I would like however to draw attention to what I take to be
another presupposition of coming to the table of Scriptural Reasoning, as it
likewise constitutes what I would claim to be an important part of scriptural
anthropology. I can perhaps get at what I am talking about through the term
"formation."
To explicate this term a bit, I will draw on some of the
early work of Stanley Hauerwas and the kind of moral psychology he negotiates
there. In an essay called "Toward an Ethics of Character,"[1] Hauerwas
wrestles with the notion of "freedom", as in "free agency", and how it fits
into the account of the moral agent. He uses the notion of "character" as a way
to do justice to the place of freedom in our experience of ourselves as agents
while at the same time making provision for the embodied nature of human action
and identity. He wishes to avoid what he sees as an abstract and thin picture
of the freedom of the will endemic to much modern moral theory. The puzzle
about character displayed by Aristotle is that we say that one's actions flow
from it, and that what we do shapes and informs our character. Hauerwas, then,
theorizes freedom as the ability to choose our characters; we have some choice
regarding what we do, but we have to live out the consequences of our actions. Our
freedom always leads to the formation of our character, which then plays a
determining role in our actions.

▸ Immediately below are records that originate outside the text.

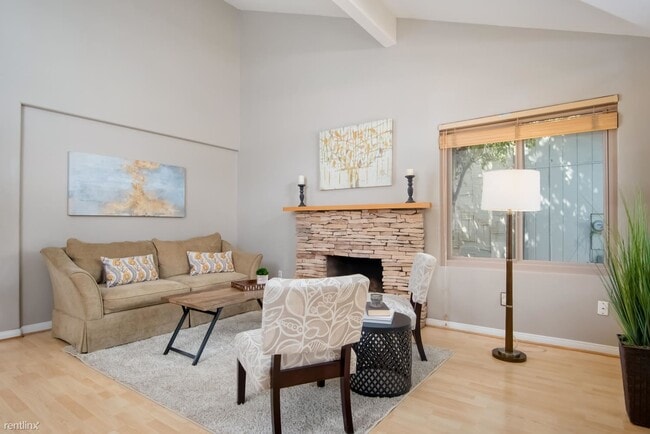 Building Photo - 3 br, 2 bath House - 350 Shawn Elise Way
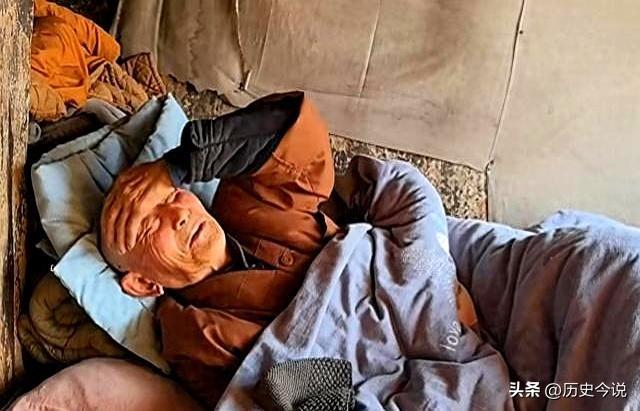 伏牛山74岁老人失踪13年，被寻获后拒离山洞，众人入洞瞬间泪目
 
阅读此文前，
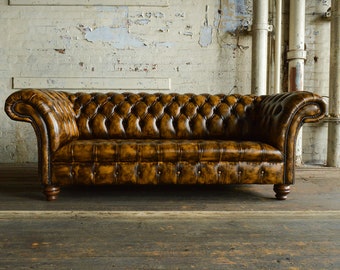 Fait à la main Grand 3 Places Antique Gold Chesterfield Canapé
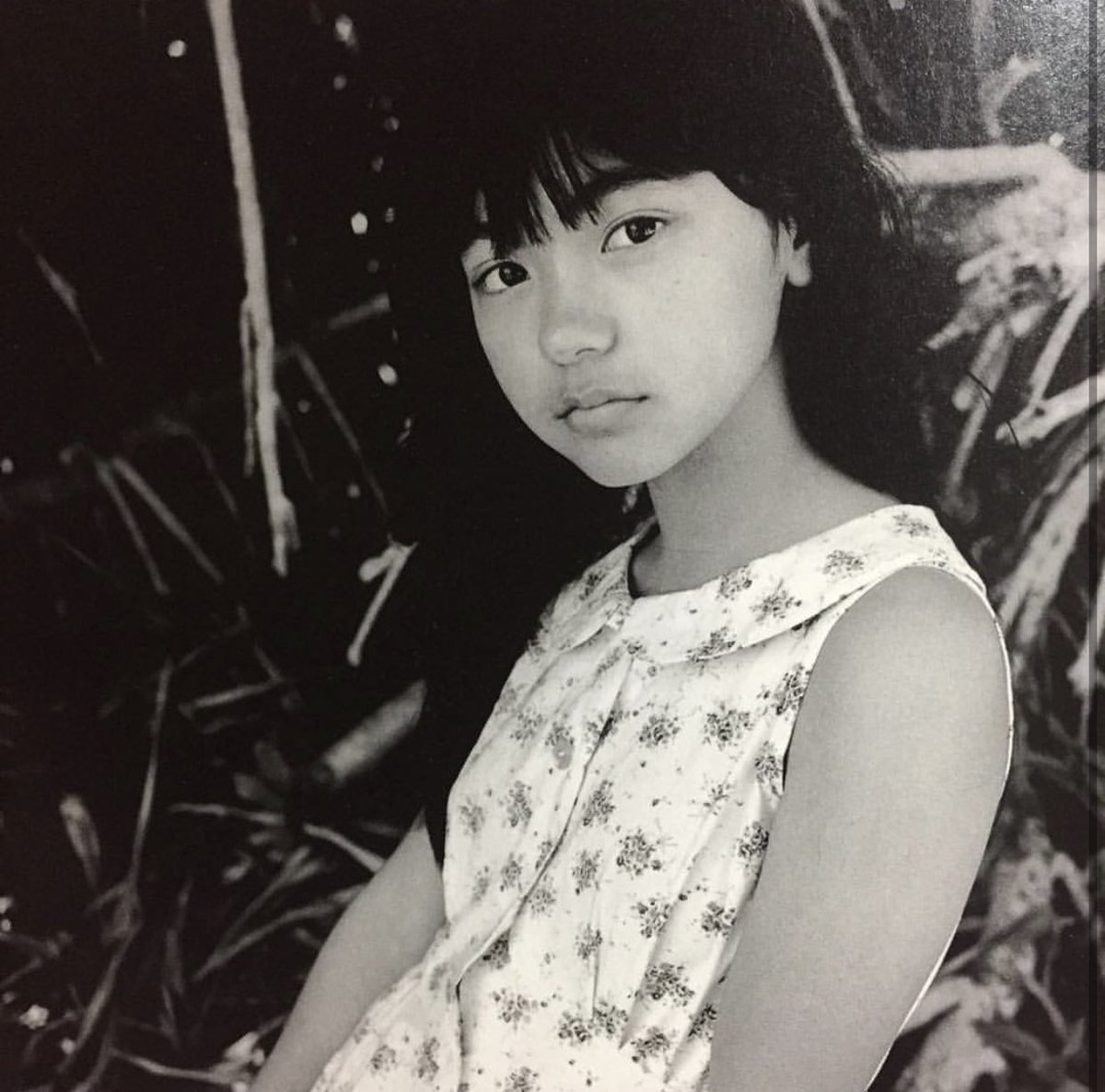 デビュー前に篠山紀信さんに撮って頂いた写真。 子供ながらに撮るのが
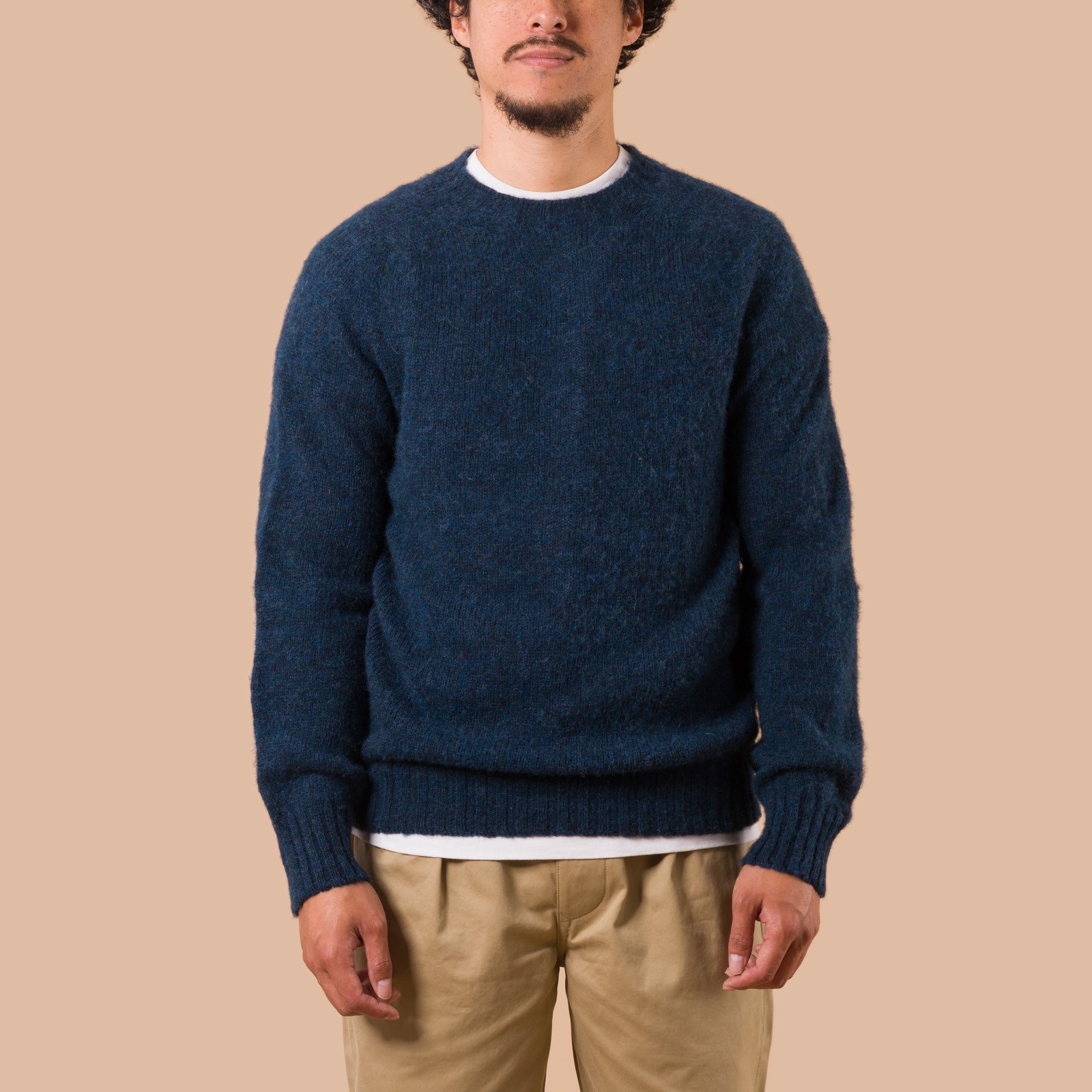 Vignettes Flaneurs Knitwear Shaggy Crew Neck Sweater Petrel worn front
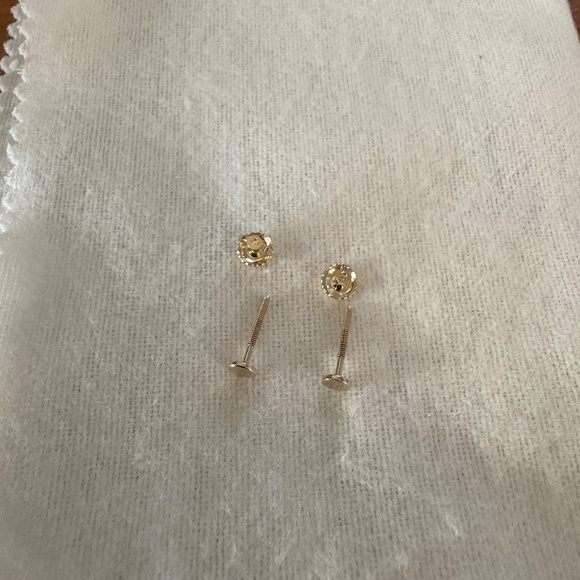 Automic Gold 4mm Medium Circle Earrings, 14k Yellow Gold - Picture 3 of 9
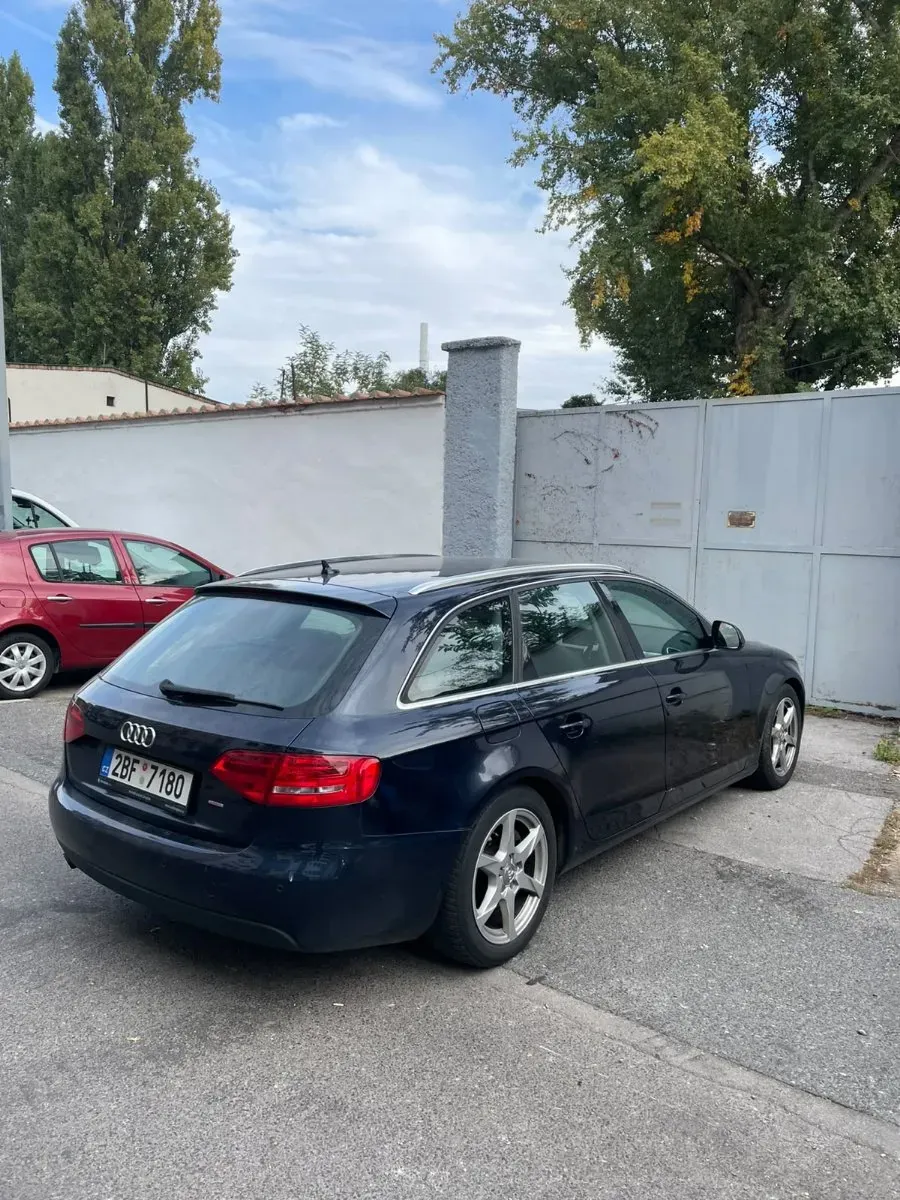 Audi A4 2009 photo 3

The implicit principle here is that our
actions are always shaped in some way rather than another, and that our
character is inseparable from our agency.[2]
In our semantic philosophical epoch we are particular aware
of the linguistic quality of the intentions that inform our agency. Here a form
is a particular description. The form of our intention in a given act comes
from the particular description under which we take the object for which we
act. Thus, Hauerwas considers our agential freedom in terms of the descriptions
we are able to make of our actions. It is then a short step to considering how
our individual actions fit into a larger narrative: the story of our life.
Perhaps the fact that our agency is a function of our
ability to appropriate certain descriptions of our actions already calls
attention to role of formation in our development as persons. For we know that
language is basically public and political and that any descriptions for
ourselves to which we have access come out of a common stockpile. Yet to
recognize that the skills and powers necessary for agency come out of
activities with others implies that any anthropology worth its salt ought to
recognize that the human being has not just the ability but the need to be
formed.
Our growth as persons of faith communities is no different.
Here, as in the general case, we are involved in the business of becoming
agents of a certain kind by appropriating a particular set of formative
descriptions. In our faith communities, just as in the context of scriptural
reasoning, we are dependent on others to develop the skills necessary to make a
certain set of descriptions primary in shaping our selves. We need the example
and the help of masters and friends in the context of our common life together.
Faith itself is a matter of skills to be developed. This is what I mean by
formation.
Perhaps Zornberg's reading of Adam's role in his own making
speaks to this issue of how agency is something that must be learned, and
therefore requires our own effort. We tend to think of creativity as something
we perform after the material is given to us—e.g. a sculptor with her clay—but
here it seems that even the given is a matter of responsible action: who we are
is up to us. But what I believe a theological ethicist like Hauerwas does so
well is remind us that our responsibility is bound up with our need for
formation.
Of course this creativity is community dependent, but we may
nevertheless find ourselves choosing between alternative descriptive accounts
of the character of our actions. (I imagine that being a member of a faith
community for many of us today represents this kind of choice between
intentions: the choice of how to relate to the past in each of our lives.)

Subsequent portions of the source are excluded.